Gaza settlers start pro-evacuation group
By MATTHEW GUTMAN
Settlers in the Gaza Strip community of Rafiah Yam intend to establish their own branch of "Shuvi," an organization that has accumulated about 65,000 signatures urging Israel's immediate evacuation of the Gaza Strip settlements.
The highly unusual move follows escalating tensions between moderate and radical settlers which peaked with fisticuffs last Thursday, when settlers allegedly representing the southern Gaza Strip's Hof Aza Regional Council raided a meeting of Rafiah Yam residents with Shuvi activists.
The Shuvi branch in Rafiah Yam would be the first openly pro-evacuation group to arise in any of the West Bank or Gaza Strip settlements – although there are apparently hundreds of settlers who quietly support their own evacuation in exchange for financial compensation.
All of the approximately 7,500 Jews who live in the the Gaza Strips settlements would be evacuated with the passage of Prime Minister Ariel Sharon's plan for unilateral disengagement.
At last Thursday's meeting, six Shuvi activists piled into the home of Rafiah Yam resident and soon-to-be chairman of the local Shuvi branch Avishai Nativ.

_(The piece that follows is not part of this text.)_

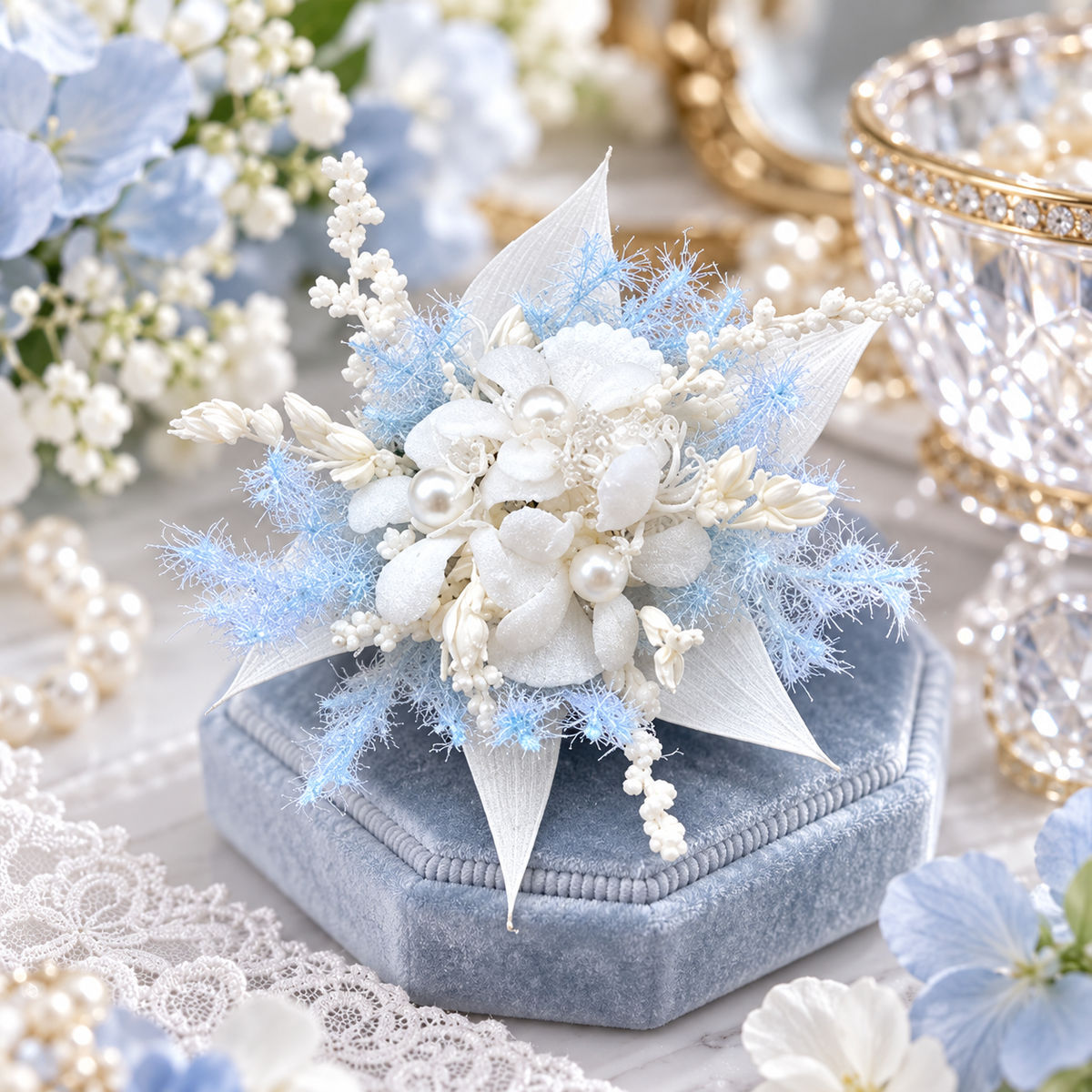 Brewvani® Floral Statement Ring – Blue & White Flower Cocktail Ring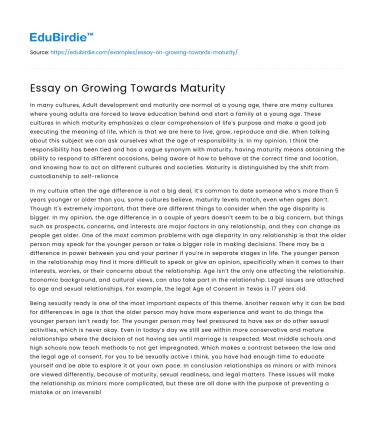Essay on Growing Towards Maturity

They joined nine other families from the Gaza settlements of Neveh Dekalim, Shalev, and Bdolah.
Nativ claims that settlers upset with his political position – municipal workers among them – raided his home at last week's meeting, poked video cameras in the windows, and detained his guests for almost three hours until they and their cars' license plates had been photographed.

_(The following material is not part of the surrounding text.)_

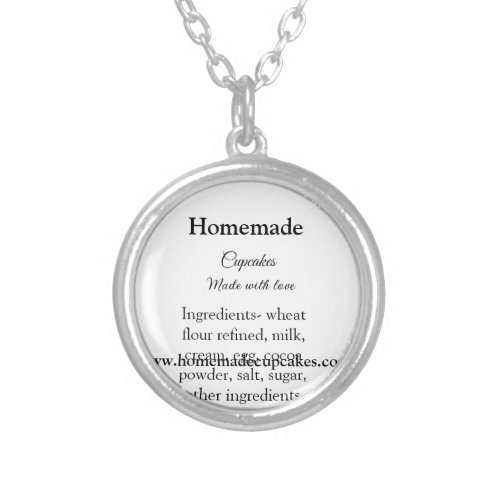 Homemade cupcakes made with love add text website silver plated necklace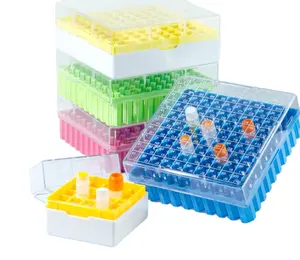 Caja de congelador de plástico de temperatura ultrabaja de alta calidad 25 81 100 cajas criogénicas de PC de PP de pozo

"All we did," Nativ told The Jerusalem Post on Wednesday, "is have a democratic meeting and talk about subjects openly. I did not see anybody trying to prevent settlers from knocking on people's doors in Tel Aviv or Herzliya, or from holding hands in the human chain [protesting the disengagement plan] that linked hands from Gaza to Jerusalem last month."

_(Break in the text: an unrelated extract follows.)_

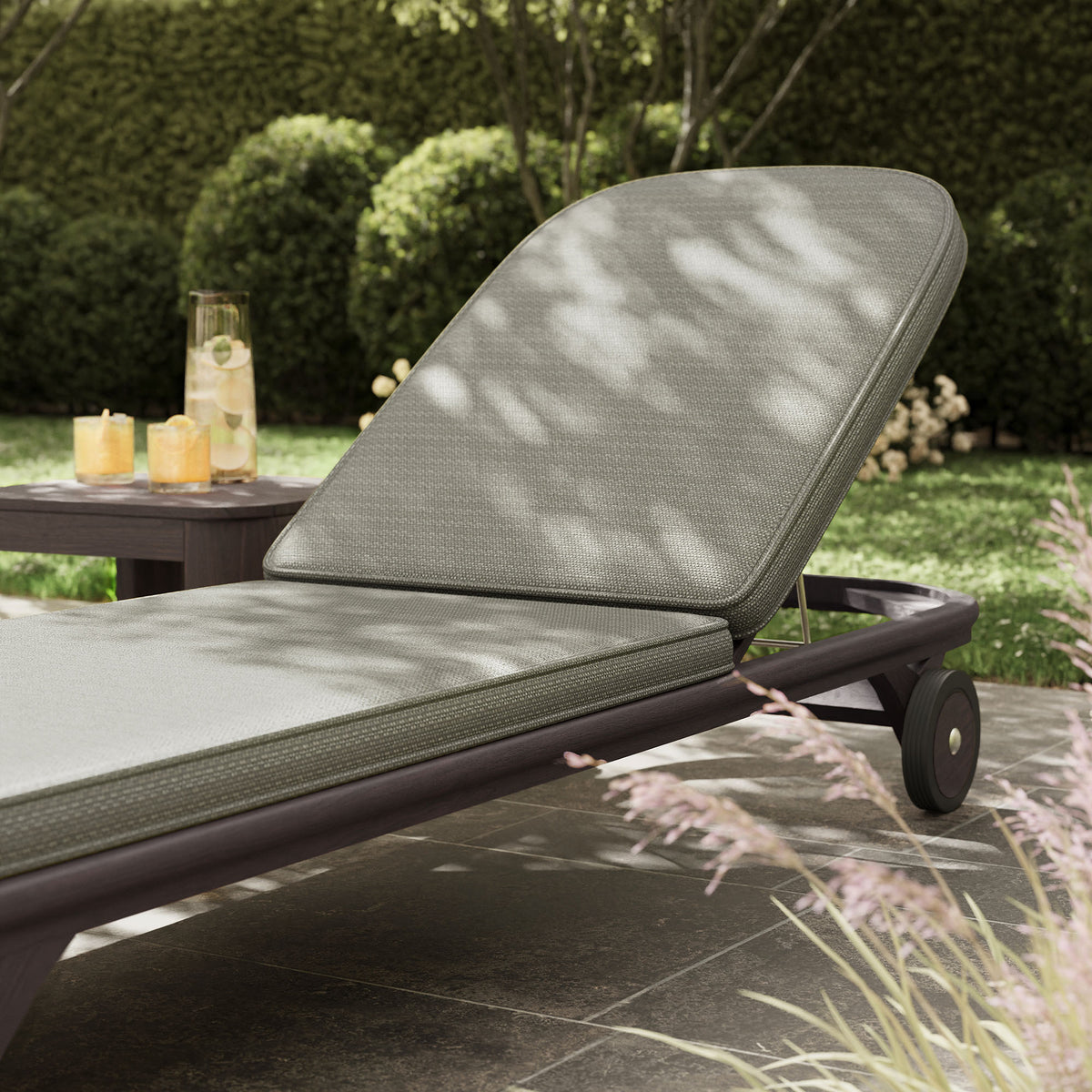 Kona Outdoor Patio Teak Wood Chaise Lounge Chair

A "foul atmosphere" has taken hold of the Gush Katif settlement bloc, said Nativ. "The regional council's threats and labeling of us as traitors has only proved to me that we must take an active role in leaving this place," he said.
Dorit Eldar, Shuvi's spokeswoman who attended Nativ's parlor meeting, said, "We are not at all interested in an escalation between the settlers. We only support the evacuation from Gaza in the way which least harms the lives and livelihood of the settlers. But I never expected things to get violent."
She counts the shoving matches and "my forceful detention" as violence.
Hof Aza Regional Council spokesman Eran Sternberg responded to the allegations with anger. "This is a publicity scam," he said. "Their entire claim against us was staged by Channel 2," which caught the scuffle on film. "The Rafiah Yam residents involved are the scum of this community, who besmirch all the other 8,000 residents here," Sternberg added.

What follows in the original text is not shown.